Some nifty functions in SAS and how to replicate them in Python
What is Regex Or Regexp?
Abbreviation for regular expression it is used for pattern match in strings, similar to find and replace function you use in excel or word spreadsheet.
For more detailed Regex explanation and basic syntax and complex examples refer to the post on Regex(coming out soon). In this post I am comparing *Python regular expression and functions and some SAS specific functions.
Why not then use find and replace and use Regex which looks like a alien language?
Because find and replace functions usually are for specific words, regex allows us to match all patterns such as phone number or ABN (Australian Business Number).
For example regular expression below shows a regular expression for ABN:
This pattern is for SAS only the flags syntax "io" is different for python "re" package
"/(A?)(.?)(B?)(.?)(N?)(.?)(NO?)(.?)(:?)( ?)(\d *?){11}/io"
The above regular expression is trying to match a Australian Business Number which are made up of unique 11-digit identifiers making it easier for businesses and government to interact and identify. Usually in the following format "ABN 11 223 491 505".
The above regex can explained as follows
(A?) - The pattern may start with "A" is matched zero or one times which means A may or may not be there.
(.?) - The second character may be a full stop / dot "." matched zero or one times.
(.B) - The third character may be a "B" matched zero or one times.
(.?) - The fourth character may be a full stop / dot "." matched zero or one times.
(.N) - The fifth character may be a "B" matched zero or one times.
(NO) - The sixth character pattern may be a "NO" matched zero or one times.
(.?) - The seventh character may be a full stop / dot "." matched zero or one times.
(:?) - The eighth character may be a full hyphen ":" matched zero or one times.
(\d *?){11} - A digit with space or no space repeated 11 times.

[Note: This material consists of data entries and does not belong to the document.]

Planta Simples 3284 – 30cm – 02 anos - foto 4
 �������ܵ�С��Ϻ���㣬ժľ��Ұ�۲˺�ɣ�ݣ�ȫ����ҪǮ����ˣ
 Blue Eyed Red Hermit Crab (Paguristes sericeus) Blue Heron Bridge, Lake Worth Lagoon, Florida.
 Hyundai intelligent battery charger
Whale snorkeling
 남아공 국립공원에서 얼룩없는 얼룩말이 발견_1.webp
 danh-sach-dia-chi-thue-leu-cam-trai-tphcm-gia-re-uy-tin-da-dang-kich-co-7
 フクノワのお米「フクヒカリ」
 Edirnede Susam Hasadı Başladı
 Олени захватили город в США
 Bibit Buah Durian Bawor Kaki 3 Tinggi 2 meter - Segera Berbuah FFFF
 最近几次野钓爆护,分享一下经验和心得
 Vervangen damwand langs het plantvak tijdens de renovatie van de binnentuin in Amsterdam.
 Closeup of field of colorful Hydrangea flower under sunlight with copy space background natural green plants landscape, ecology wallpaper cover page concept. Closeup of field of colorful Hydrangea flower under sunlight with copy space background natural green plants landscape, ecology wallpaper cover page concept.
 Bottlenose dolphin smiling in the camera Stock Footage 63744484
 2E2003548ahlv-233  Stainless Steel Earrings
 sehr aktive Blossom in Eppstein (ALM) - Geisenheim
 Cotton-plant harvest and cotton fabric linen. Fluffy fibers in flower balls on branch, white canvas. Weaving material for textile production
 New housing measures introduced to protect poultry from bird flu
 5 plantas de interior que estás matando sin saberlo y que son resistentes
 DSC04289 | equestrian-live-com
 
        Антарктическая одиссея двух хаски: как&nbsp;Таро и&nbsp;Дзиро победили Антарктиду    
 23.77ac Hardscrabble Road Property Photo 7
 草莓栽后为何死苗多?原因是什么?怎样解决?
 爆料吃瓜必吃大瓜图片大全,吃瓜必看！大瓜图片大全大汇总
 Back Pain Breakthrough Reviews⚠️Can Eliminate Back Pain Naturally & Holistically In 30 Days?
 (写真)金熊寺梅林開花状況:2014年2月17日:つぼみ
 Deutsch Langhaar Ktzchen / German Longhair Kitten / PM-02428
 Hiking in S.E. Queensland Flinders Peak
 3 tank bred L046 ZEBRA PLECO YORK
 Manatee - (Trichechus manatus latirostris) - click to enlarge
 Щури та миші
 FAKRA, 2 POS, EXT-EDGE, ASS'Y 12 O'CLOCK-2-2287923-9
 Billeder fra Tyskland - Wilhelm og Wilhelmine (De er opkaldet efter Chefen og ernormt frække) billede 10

/io - i makes the matching case insensitive. o makes the code compile once and not each time when the function is called. this options saves time and makes the code efficiency.
As you can see it is a good practice to comment any regular expressions as it is quite tedious to comprehend and remember the pattern match of expression even the ones which you wrote is quite difficult.
SAS Regular Expression Functions:
PRXMATCH
PRXSUBSTR (call routine)
PRXPOSN (call routine)
PRXNEXT (call routine)
PRXPAREN
PRXMATCH & PRXNEXT in SAS
Both functions are used to locate the position of a pattern in string. I will emphasize "position" as these functions do not capture and return the pattern but rather return the "first position" where the pattern is found.
For example:
String : "The cat is black"
PRXMATCH("/cat/",STRING) returns 5 as the first letter of "cat" begins at 5th position in the string including space.
The main difference between PRXMATCH & PRXNEXT is that PRXMATCH will stop at the first instance where it finds the match. If there are no match for the pattern in the string PRXMATCH will return 0. While PRXNEXT will find all occurrence of the pattern.
If your issues is that the pattern repeats itself for example in a large paragraph or document how do you extract all instances of occurrences?
For instance the sentence below has three occurrences of "cat":
"Where is the cat. It's my cat and it's a black cat."
PRXNEXT function provides the answer to these issue when you nee do extract all three occurrences of pattern. A real world issue would be where you need to extract mobile numbers out of a text string, each number would be different but each one will follows a 10 digit pattern starting with "04"(Australian mobile number).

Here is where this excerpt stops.